Ostern 1963 endete die Ära des „Mehlhotels“
1949 entstand in Hattingen auf dem Witthoh das Holzgebäude – Zuletzt diente es als Asylunterkunft
IMMENDINGEN (ipf) – Die letzten Asylbewerber sind längst ausgezogen. Das Gebäude auf dem Witthoh, das der Landkreis Tuttlingen als Erstaufnahmeeinrichtung gepachtet hatte und zuvor ein Diabetiker-Kinderheim beherbergte, steht leer. Einst diente es als Personalunterkunft für das 1949 erbaute Kurhotel.
Für eine lange Tradition hat es nicht gereicht. Dafür war das Haus aber während der knapp 15 Jahre seines Bestehens die Topadresse – und das nicht nur im Umland. Hätte der Mühlen- und Sägewerksbesitzer Held aus Tuttlingen schon bei der Planung die Katze aus dem Sack gelassen, so wäre das Kurhotel auf dem Witthoh nie genehmigt worden. So ließ man auf dem Reißbrett ein Kinderheim entstehen, das zum Hotel umfunktioniert wurde.
„Mehlhotel“nannten die Hattinger das 1949 ganz aus Holz entstandene Hotel, denn es war beim Erbauer genügend vorhanden. Löhne wurden größtenteils mit Naturalien (in Mehl) bezahlt. Die in Hattingen wohnende Lisbeth Leiber, die den Hausprospekt immer noch wie ihren Augapfel hütet, schwärmt immer noch von den tollen Bällen, die im Hotel stattfanden und die sie als Bedienstete hautnah miterlebte.
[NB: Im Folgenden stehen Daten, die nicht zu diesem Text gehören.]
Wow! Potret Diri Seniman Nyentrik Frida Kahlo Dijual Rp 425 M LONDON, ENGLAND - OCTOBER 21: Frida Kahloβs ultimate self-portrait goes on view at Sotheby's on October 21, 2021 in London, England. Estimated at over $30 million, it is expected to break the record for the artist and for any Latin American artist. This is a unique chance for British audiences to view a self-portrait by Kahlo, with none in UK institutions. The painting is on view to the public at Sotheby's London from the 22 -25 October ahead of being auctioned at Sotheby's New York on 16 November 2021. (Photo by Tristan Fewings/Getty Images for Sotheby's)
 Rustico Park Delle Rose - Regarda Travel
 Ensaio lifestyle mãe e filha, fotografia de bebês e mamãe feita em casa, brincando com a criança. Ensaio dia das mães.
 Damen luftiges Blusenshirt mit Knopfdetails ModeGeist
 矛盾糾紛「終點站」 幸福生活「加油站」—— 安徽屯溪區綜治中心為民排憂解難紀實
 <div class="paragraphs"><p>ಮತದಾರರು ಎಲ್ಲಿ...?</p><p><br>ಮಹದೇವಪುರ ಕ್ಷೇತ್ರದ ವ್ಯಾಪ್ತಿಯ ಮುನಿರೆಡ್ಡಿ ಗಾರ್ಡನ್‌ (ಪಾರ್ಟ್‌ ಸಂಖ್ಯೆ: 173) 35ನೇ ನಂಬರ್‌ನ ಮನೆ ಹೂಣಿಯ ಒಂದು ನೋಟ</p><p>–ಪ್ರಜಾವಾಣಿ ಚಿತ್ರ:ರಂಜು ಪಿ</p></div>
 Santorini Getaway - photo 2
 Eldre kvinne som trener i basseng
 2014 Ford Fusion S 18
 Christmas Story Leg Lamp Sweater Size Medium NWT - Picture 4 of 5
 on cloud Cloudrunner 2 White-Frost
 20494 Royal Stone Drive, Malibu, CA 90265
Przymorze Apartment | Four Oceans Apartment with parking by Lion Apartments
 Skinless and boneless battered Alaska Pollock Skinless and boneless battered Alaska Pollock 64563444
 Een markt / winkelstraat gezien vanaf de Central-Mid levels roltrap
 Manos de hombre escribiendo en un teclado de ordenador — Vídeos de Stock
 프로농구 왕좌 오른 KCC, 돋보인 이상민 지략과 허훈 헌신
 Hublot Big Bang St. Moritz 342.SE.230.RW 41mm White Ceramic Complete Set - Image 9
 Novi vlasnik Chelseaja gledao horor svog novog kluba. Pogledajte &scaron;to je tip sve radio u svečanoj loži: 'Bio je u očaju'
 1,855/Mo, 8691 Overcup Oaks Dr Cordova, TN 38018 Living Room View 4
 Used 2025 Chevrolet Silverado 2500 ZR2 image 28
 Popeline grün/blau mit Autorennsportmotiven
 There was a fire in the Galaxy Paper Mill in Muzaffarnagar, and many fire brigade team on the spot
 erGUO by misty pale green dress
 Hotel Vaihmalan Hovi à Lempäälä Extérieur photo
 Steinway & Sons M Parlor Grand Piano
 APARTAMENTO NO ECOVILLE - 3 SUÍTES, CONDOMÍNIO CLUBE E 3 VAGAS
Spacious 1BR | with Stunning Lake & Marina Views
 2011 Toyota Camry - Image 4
Die Hotelzimmer waren mit jedem Komfort ausgestattet – fließendes, warmes wie kaltes Wasser, Staatstelefon, Bäder und Frisör im Hause, in dem man für 3,50 bis 4,50 Mark im Einzelzimmer und für acht bis zehn Mark im Doppelzimmer übernachten konnte.
Der Inhaber Walter Koch, der vor seiner Tätigkeit auf dem Witthoh im Hotel „Vier Jahreszeiten“in München tätig war, brachte die erforderliche Erfahrung mit, um aus dem Hotel einen besonderen Anziehungspunkt zu machen. Die Räumlichkeiten, wie Aufenthaltsräume, Frühstückszimmer, Restaurant, Terrasse, Tanz-Pavillon und Bar und dazu die tolle Lage mit Blick auf die Hegauberge, Bodensee Alpen und Schwarzwald, boten die beste Voraussetzung. Es war ein alpiner Steingarten angelegt, es gab eine Liegewiese mit Liegestühlen, Reitpferde standen zur Verfügung und im Winter lockte der Wintersportplatz Witthoh mit sanften Hügeln und steilen Hängen.
Gäste wurden mit dem Hotelomnibus nicht nur von der Bahnstation Hattingen oder Tuttlingen abgeholt, sondern im Sommer auch zum Baden an den Bodensee gefahren.
Beliebt waren die Tanzabende im Pavillon. Für gute Stimmung sorgte die eigene Hauskapelle, die vom Mundartdichter Walter Fröhlich geleitet wurde. Fabrikanten, die ihren Geschäftspartnern etwas Besonderes bieten wollten, führten diese stets auf den Witthoh. Insider behaupten, dass manche tüchtige Sekretärin von ihrem Chef mit einem gemeinsamen Aufenthalt auf dem Witthoh belohnt wurde. Die Ära des Kurhotels endete an Ostern 1963. Damals wurden die Hattinger durch das Bersten der Fensterscheiben wachgerüttelt. Das Hotel stand in Flammen, brannte vollständig nieder und wurde nicht wieder aufgebaut.